Word for word and without images, transcribe all of the records.

── DATA ──

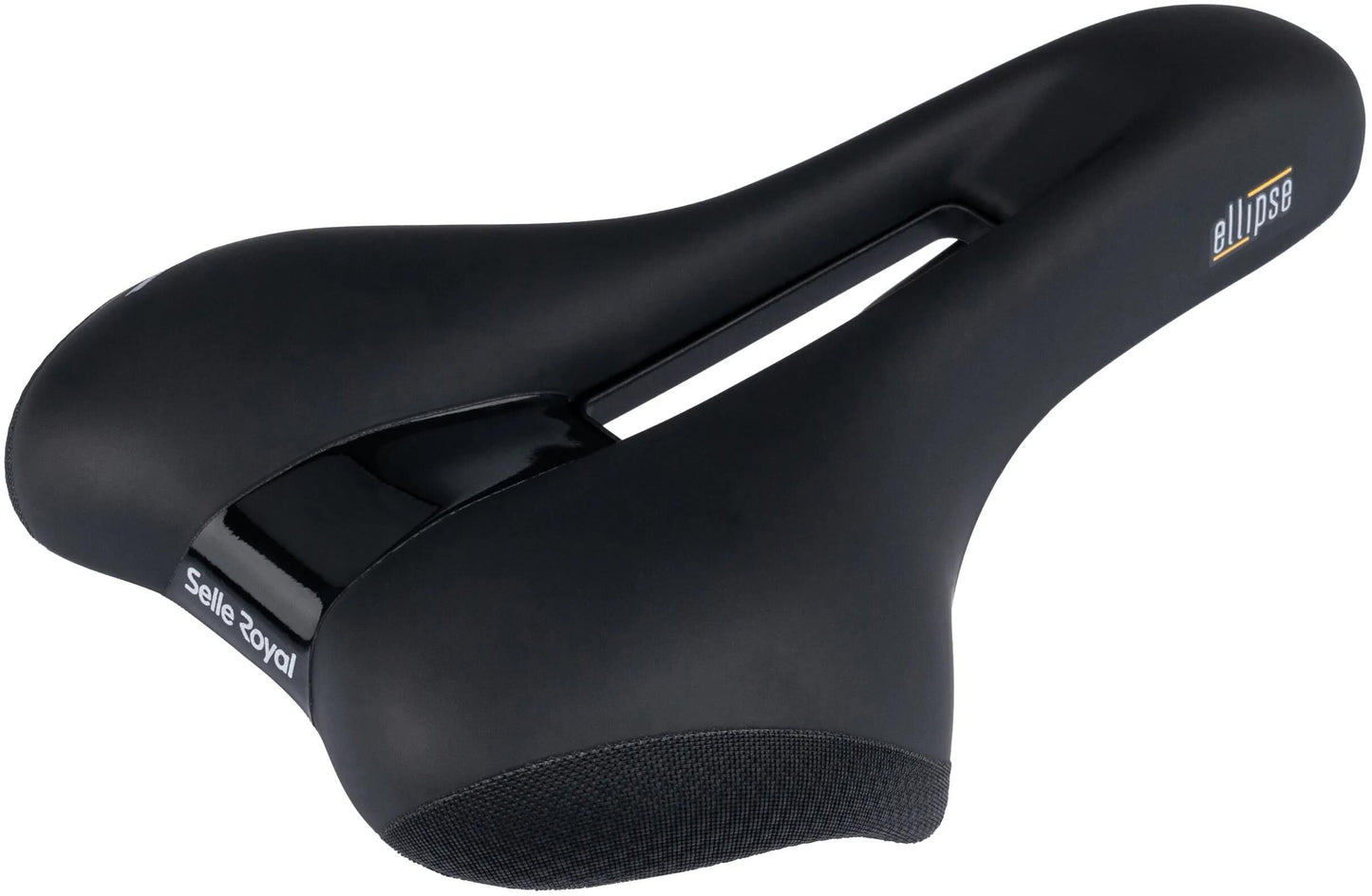 Selle Royal Zadel ellipse 81b6he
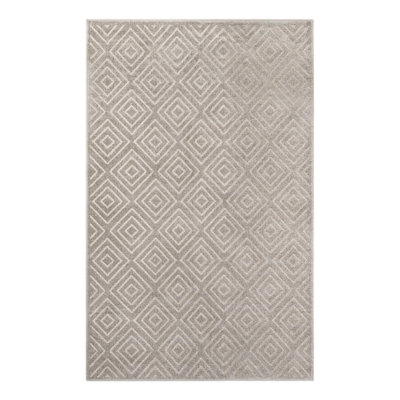 Tapis intérieur / extérieur Sabrina Soto Logan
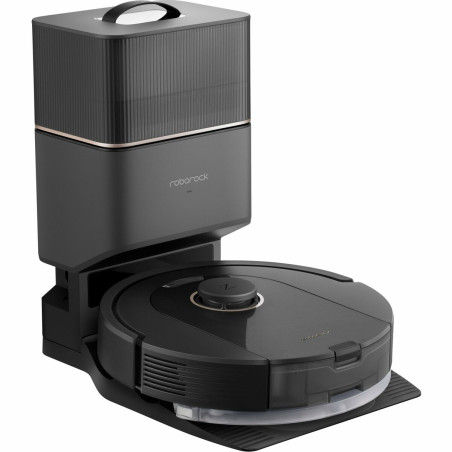 Robot Aspirapolvere Roborock Q5 Pro+ 5200 mAh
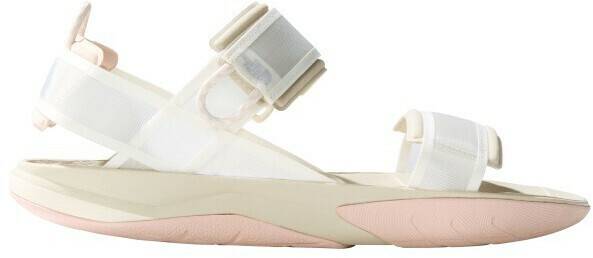 Herren-Sandalen The North Face Skeena Sport Sandalpink moss/gardenia white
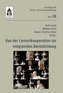 Von der Lernortkooperation zur entgrenzten Berufsbildung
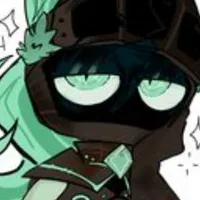 Soulvester (Cận vệ hoàng gia)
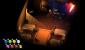 GDC 2013 - Magicka: Wizard Wars Vorschau: Ein herrlich hektisches Mehrspieler-Actionspiel (9)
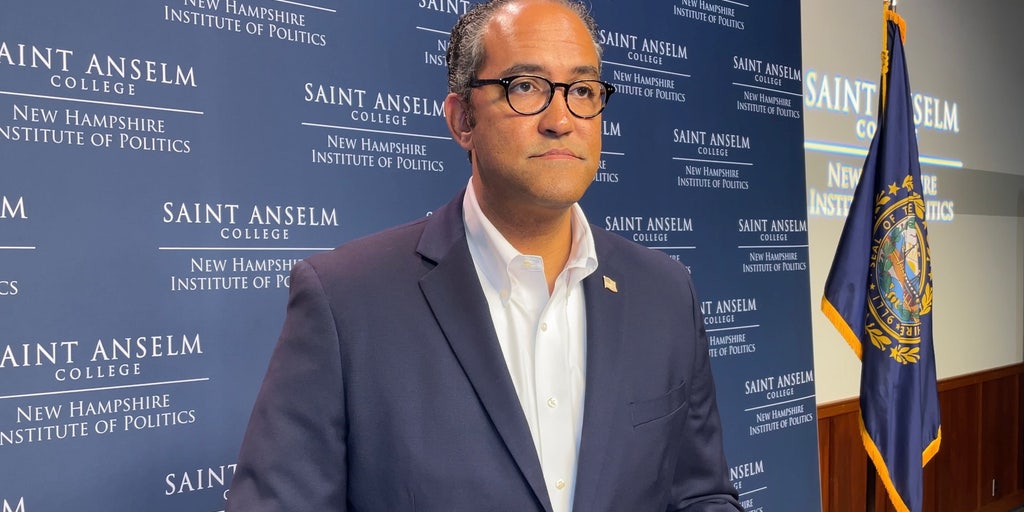 Former CIA spy turned GOP congressman drops 2024 presidential bid, endorses a Republican rival - Vimarsana News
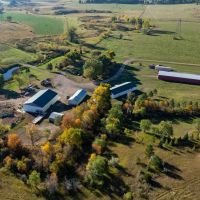Crown Butte Creek Ranch images 4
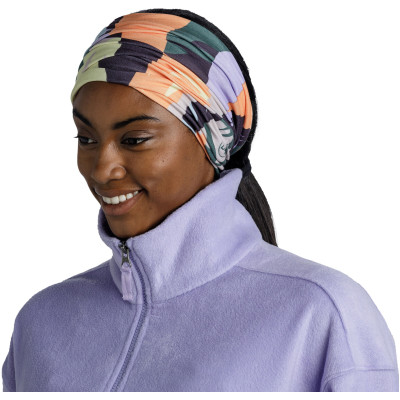 Chusta Buff Original Ecostretch simbo multi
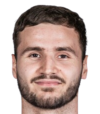 https://img.heibaitiyuy.com.cn/img/basketball/player/a29d3f302be97ec4317eacc91d054ee7.png
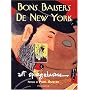 Bons baisers de New York
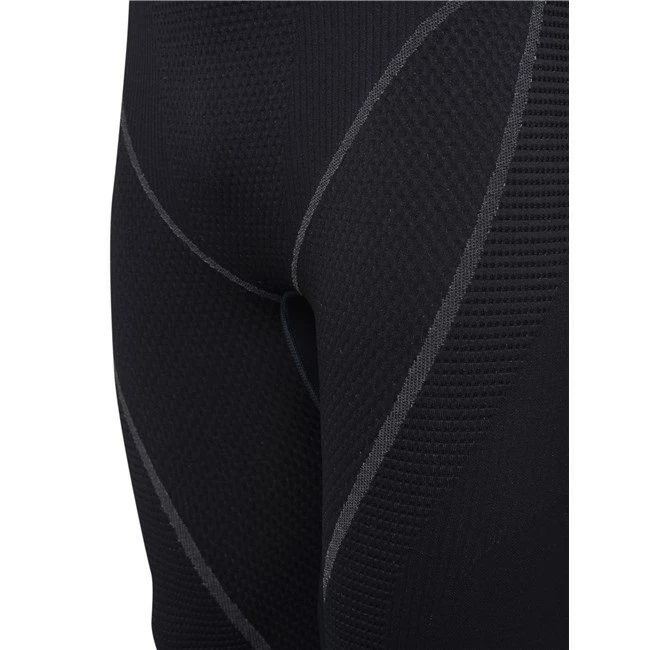 Beretta HT Body Mapping 3D Pants 5 Beretta HT Body Mapping 3D Pants - Image 3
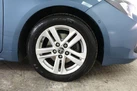 2020-toyota-corolla-18-vvt-i-icon-tech-spare-wheel-touring-sports-5d-small-27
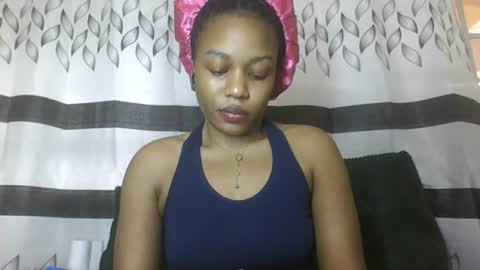 fantasy online show from June 2026 09:43:02 AM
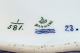 sub: 2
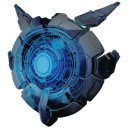 ARK Wiki Redirection  screen for extension Chrome web store in OffiDocs Chromium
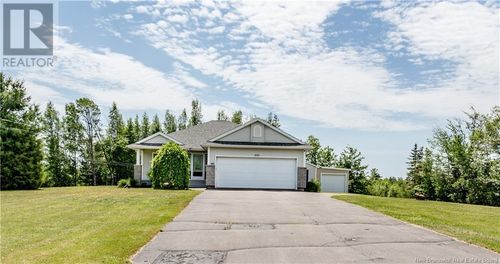 20 Potts Rd, Mcintosh Hill, NB, E4S4K7 | Card Image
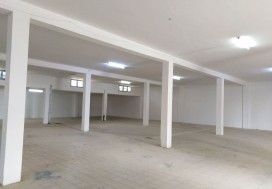 A LOUER LOCAL DALLE 1154 M2 MONASTIR SUD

───

**FINISHED EXERCISE:**
 Selle Royal Zadel ellipse 81b6he
 Tapis intérieur / extérieur Sabrina Soto Logan
 Robot Aspirapolvere Roborock Q5 Pro+ 5200 mAh
 Herren-Sandalen The North Face Skeena Sport Sandalpink moss/gardenia white
 Von der Lernortkooperation zur entgrenzten Berufsbildung
 Soulvester (Cận vệ hoàng gia)
 GDC 2013 - Magicka: Wizard Wars Vorschau: Ein herrlich hektisches Mehrspieler-Actionspiel (9)
 Former CIA spy turned GOP congressman drops 2024 presidential bid, endorses a Republican rival - Vimarsana News
Crown Butte Creek Ranch images 4
 Chusta Buff Original Ecostretch simbo multi
 https://img.heibaitiyuy.com.cn/img/basketball/player/a29d3f302be97ec4317eacc91d054ee7.png
 Bons baisers de New York
 Beretta HT Body Mapping 3D Pants 5 Beretta HT Body Mapping 3D Pants - Image 3
 2020-toyota-corolla-18-vvt-i-icon-tech-spare-wheel-touring-sports-5d-small-27
 fantasy online show from June 2026 09:43:02 AM
 sub: 2
 ARK Wiki Redirection  screen for extension Chrome web store in OffiDocs Chromium
 20 Potts Rd, Mcintosh Hill, NB, E4S4K7 | Card Image
 A LOUER LOCAL DALLE 1154 M2 MONASTIR SUD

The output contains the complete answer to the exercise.